# Goal of the exercise:
Apart from the pictures, every line below needs to be reproduced verbatim.

# Available data:

──────────────────────────────

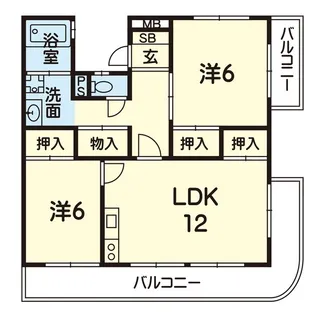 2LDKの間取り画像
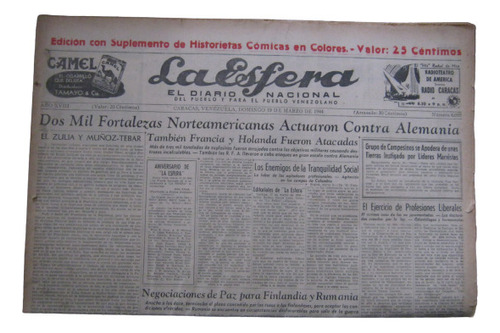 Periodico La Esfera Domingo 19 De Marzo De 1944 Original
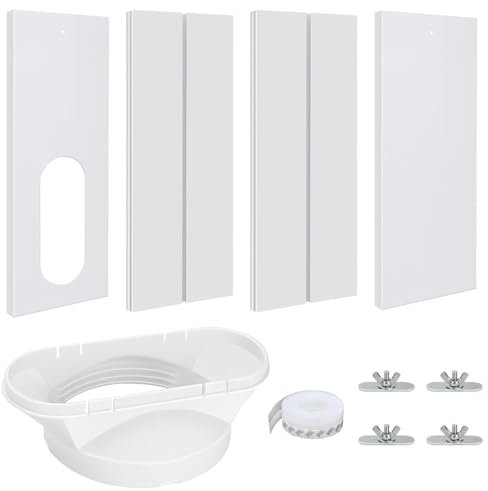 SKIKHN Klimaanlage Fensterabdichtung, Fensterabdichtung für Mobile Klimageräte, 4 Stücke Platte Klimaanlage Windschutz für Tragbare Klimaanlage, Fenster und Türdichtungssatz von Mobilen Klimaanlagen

──────────────────────────────

# Answer to this exercise:
 2LDKの間取り画像
 Periodico La Esfera Domingo 19 De Marzo De 1944 Original
 SKIKHN Klimaanlage Fensterabdichtung, Fensterabdichtung für Mobile Klimageräte, 4 Stücke Platte Klimaanlage Windschutz für Tragbare Klimaanlage, Fenster und Türdichtungssatz von Mobilen Klimaanlagen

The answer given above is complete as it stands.